PETALING JAYA: Poor corporate governance and internal controls within troubled 1MDB led to instances where management action and board decisions were not organised properly, said the Auditor-General in its executive summary of the 1MDB audit report.

In its report, the Auditor-General said that 1MDB’s rationalisation plan – assuming there are no new loans after October 2015 – estimated that RM42.26bil was needed to pay the principal and interest that will be due between November 2015 and May 2039.

Those failures were among a litany of issues pointed out by the Auditor-General in its report dated May 15, 2018.

It said 1MDB needs to set a very large fund to pay off its high commitments that amounted to RM4.88bil in 2016, RM14.74bil in 2023 and RM5.14bil in 2039.

1MDB also needs a minimum of RM1.52bil every year from November 2015 to May 2024 to pay back its loans.

From 2016 to 2023, the borrowing cost that is borne by 1MDB is RM9.08bil. The IMTN (Islamic Medium Term Notes) that was launched in 2009 and set to mature in 2039 will have a coupon rate of RM287.5mil per year.

The commitment of 1MDB to the IMTN from November 2015 till 2039 amounts to RM11.9bil, which is made out of RM5bil in principal and RM6.9bil in interest.

The remaining 1MDB loan is estimated to be RM28.21bil, whereas its assets amount to RM27.01bil.

The Auditor-General said that part of its land assets will have to be developed to grow its value and to give 1MDB a return in the future.

The report also said the cash flow analysis between 2010 and 2014 revealed that 1MDB generated only RM1mil in cash. The small amount in cashflow showed the instability of the company because it needed to borrow to pay for its activities.

Between 2010 and 2014, 1MDB obtained 17 loans with a nominal value of RM42.88bil and received RM39.17bil in cash.
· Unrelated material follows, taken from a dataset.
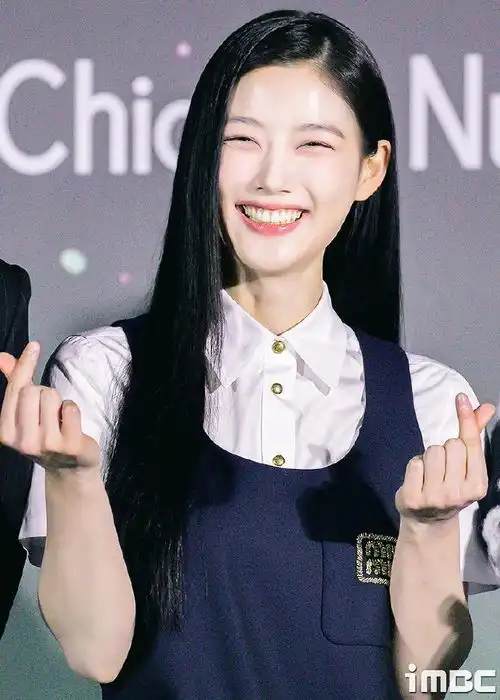 韩国知名女星,新剧中变身炸鸡块,造型引网友热议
However, the activities that was financed from borrowings did not generate sufficient cashflow to pay back those loans.

In the Auditor-General’s findings, the department concluded that the overall corporate best practices and controls within the 1MDB group were less than satisfactory.

In many instances, the management and decisions made by the chief executive officer of 1MDB were done in a disorganised manner. Some of these include:

> From 2009 to 2015, some important investment decisions on investments with high absolute values were made via the resolution of the board of 1MDB without proper discussions or deep analysis.

> A few of these investments were risky in nature, yet the decisions on them were made over a very short period of time. However, the chairman of the board of 1MDB had told the Public Accounts Committee on Jan 19, 2016, that discussions had been made before the green light was given via a resolution.

> In a few instances, the 1MDB management had presented information that was not complete nor accurate to the board of 1MDB before an important decision was made. Furthermore, they also took action without the board’s approval.

> There were also instances where the management of 1MDB gave information that was not accurate or was different to interested parties.

The management of 1MDB took action that was different or did not follow fully the decisions made by the board and stakeholders for a few investments.

> Lastly, the filing and records for 1MDB were not systematic and not satisfactory.